4.1.3 Placing finger in the non-neighboring strings
As the previous paragraph, placing fingers in the non-neighboring strings must be performed without any unnecessary movement of hand.
Player’s wrist while changing from bass string to non-neighboring tenor string, should not be twisted to right. Also it is not necessary to move out forearm from the fingerboard toward right.

1.4.1.3 when we need left hand in a specific position so that a finger immediately after playing a string is placed on a neighboring or non-neighboring string, and on the other hand, the linear distance of finger from the nut is not changed, it is necessary to be very careful about the exact place of finger (such as playing Do natural in the first position of G string immediately after La natural in the same position of E string with the third finger in the Do major scale).

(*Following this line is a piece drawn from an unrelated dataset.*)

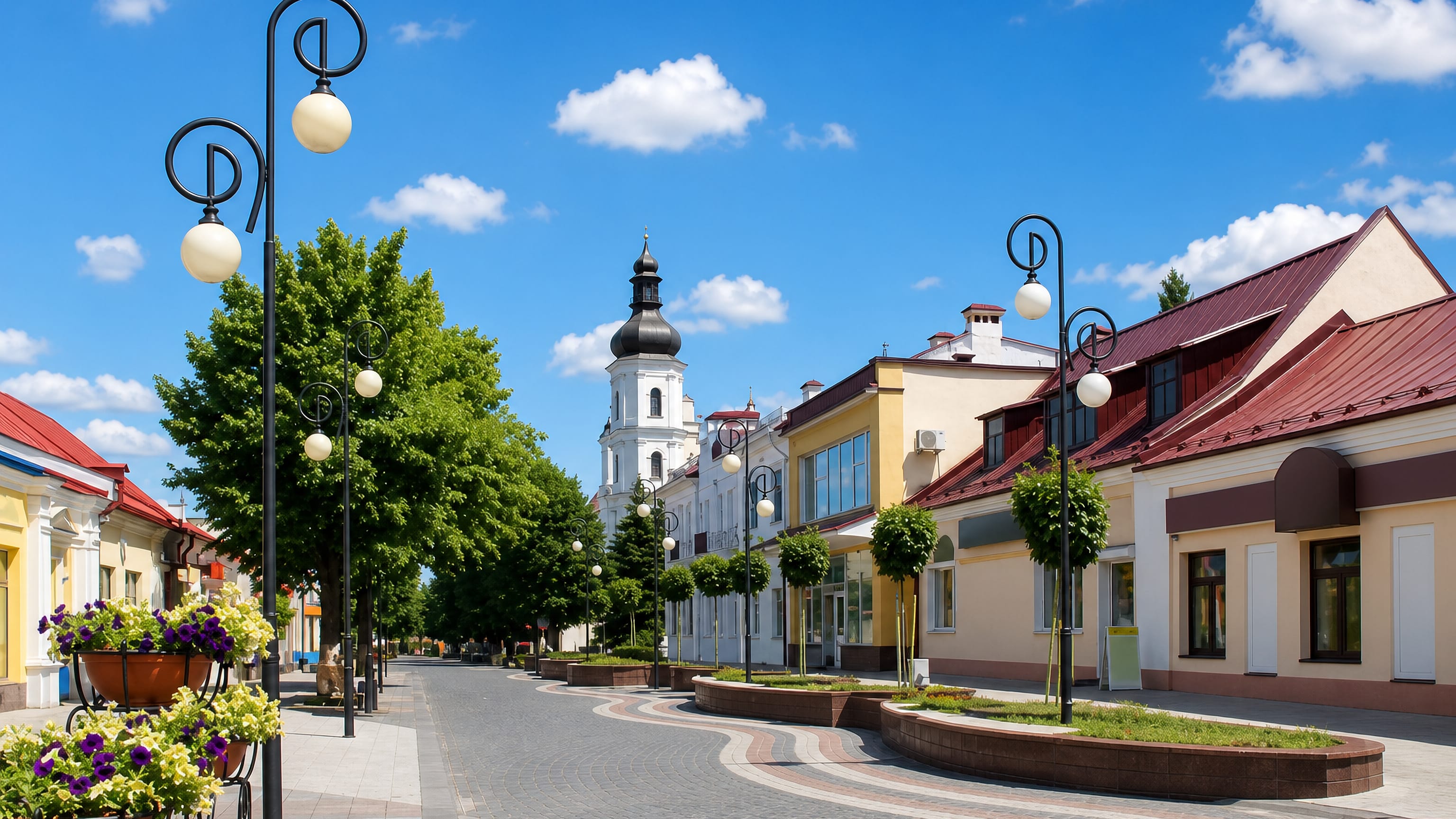 Pinsk pedestrian street lined with pastel townhouses, leading to the white cathedral belfry with its dark dome.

Considering the last three principles mentioned above, that is twisting hand toward fingerboard (1.1.2 paragraph), avoiding unnecessary movements of left hand for placing finger on the fingerboard and the necessity of placing finger on the fingerboard from the left half of the fingertip (3.1.2.3 paragraph), each finger while opening (placing finger from tenor string to bass string), or closing (placing finger from bass string to tenor string) goes through an oblique path in relation to the direction of fingerboard. However, to use a finger on neighboring strings is much easier than to place finger on an immediately non-neighboring string; because in the first case, finger spends a shorter oblique path on the fingerboard.

If player places finger from tenor string to bass string, it is necessary to bend finger before placing it on the fingerboard and in the opposite state before placing finger on the tenor string, it should be opened .

Although the amount of opening and closing a finger consciously by the player is not so much, giving much attention to this point results in producing an exact note.

2.4.1.3.another point helping greatly to place fingers at non-neighboring strings is to consider the distance between player’s left hand and the base of the instrument’s neck (see notification 11). If this point is not considered by the player and he holds her hand away from the balanced distance between left hand and the fingerboard, then the process of finger placing at neighboring strings would be troubled and the fingertips would not touch the fingerboard (see paragraph 3.1.2.2).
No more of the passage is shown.